Tentu saja ada persamaan antara influenza dan affluenza. Sama-sama membuat kesal, membuat aktivitas penderitanya jadi tak wajar dan mungkin juga dijauhi orang lain karena takut ketularan. Cuma affluenza itu khusus diderita keturunan orang-orang yang superkaya.
Ya, affluenza itu adalah timbulnya masalah moral, emosi dan kegiatan sehari-hari karena seseorang memiliki terlalu banyak kekayaan (sementara mentalnya belum siap).
Hasil penelitian terbaru yang diberitakan The Straits Times (11 Maret 2002) mengenai kekayaan keluarga-keluarga di Amerika Serikat menunjukkan bahwa keluarga kaya mulai berpikir ulang soal pewarisan harta terhadap keturunan mereka. Satu di antara lima jutawan AS menciutkan jumlah warisan mereka kepada anak-anaknya hingga ke tingkat “kelas menengah”. Contohnya, aktris Jamie Lee Curtis berkata: Saya ingin anak-anak saya punya cukup uang untuk membeli makanan di restoran, bukan membeli restorannya, lalu memecat pelayannya.
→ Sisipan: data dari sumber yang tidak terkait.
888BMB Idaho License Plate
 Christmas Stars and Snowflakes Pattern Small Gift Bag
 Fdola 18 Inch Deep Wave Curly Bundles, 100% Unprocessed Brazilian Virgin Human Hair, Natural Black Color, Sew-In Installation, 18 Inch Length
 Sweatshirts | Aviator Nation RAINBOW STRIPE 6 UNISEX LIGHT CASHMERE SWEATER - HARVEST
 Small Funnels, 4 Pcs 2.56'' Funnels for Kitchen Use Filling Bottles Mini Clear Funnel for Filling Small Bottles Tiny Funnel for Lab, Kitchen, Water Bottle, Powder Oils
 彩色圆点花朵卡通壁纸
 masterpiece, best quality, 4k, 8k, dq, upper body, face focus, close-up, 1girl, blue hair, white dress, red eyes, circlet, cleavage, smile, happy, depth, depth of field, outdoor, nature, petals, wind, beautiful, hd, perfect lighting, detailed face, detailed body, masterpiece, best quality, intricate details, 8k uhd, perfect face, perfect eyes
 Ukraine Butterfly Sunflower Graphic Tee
Aktris Susan Sarandon juga setuju. “Uang memang mengacaukan otak. Saya melihat banyak anak perusak di Hollywood, di sekitar kami, ketika orang tua mereka  dipenuhi dengan niat memperlihatkan rasa cintanya melalui warisan mereka”.
Menurut Charles Collier, peneliti yang jadi pengumpul dana bagi kegiatan Universitas Harvard AS, para pengusaha yang jadi jutawan atas usahanya sendiri memiliki keyakinan bahwa ada pelajaran penting yang bisa ditarik dari nasib para ahli waris “kerajaan uang”.
Contoh yang ditampilkan adalah Raphael de Rothschild. Dua tahun lalu Rothschild, 23 tahun, mulai menikmati warisan berupa salah satu perusahaan yang berlaba terbesar di dunia. Rupanya sulit baginya menerima cobaan berupa kelimpahan harta. Pemuda itu malah bergembira ria secara tak wajar. Dia tewas over dosis mengonsumsi heroin. Tubuhnya ditemukan orang tergeletak membeku di trotoar jalan di New York.
Orang tua yang bijak memang harus perhatian betul soal kematangan mental dan emosi keturunannya. Jika seorang anak matang secara emosional, mental dan sosial, maka meskipun tingkat intelektualnya hanya rata-rata, anak tersebut akan dapat mencari jalan finansialnya sendiri. Dan yang lebih penting, anak itu dapat hidup tentram dan bahagia.
Ingat saja pesan orang tua kita: Ajarkan kepada anak pahitnya bekerja keras dan bercocok tanam, dan jangan cuma berikan manisnya buah hasil kerja keras kita.

(Kamis, 2 Mei 2002, ditulis di atas kereta Tegal Arum yang sedang melaju.)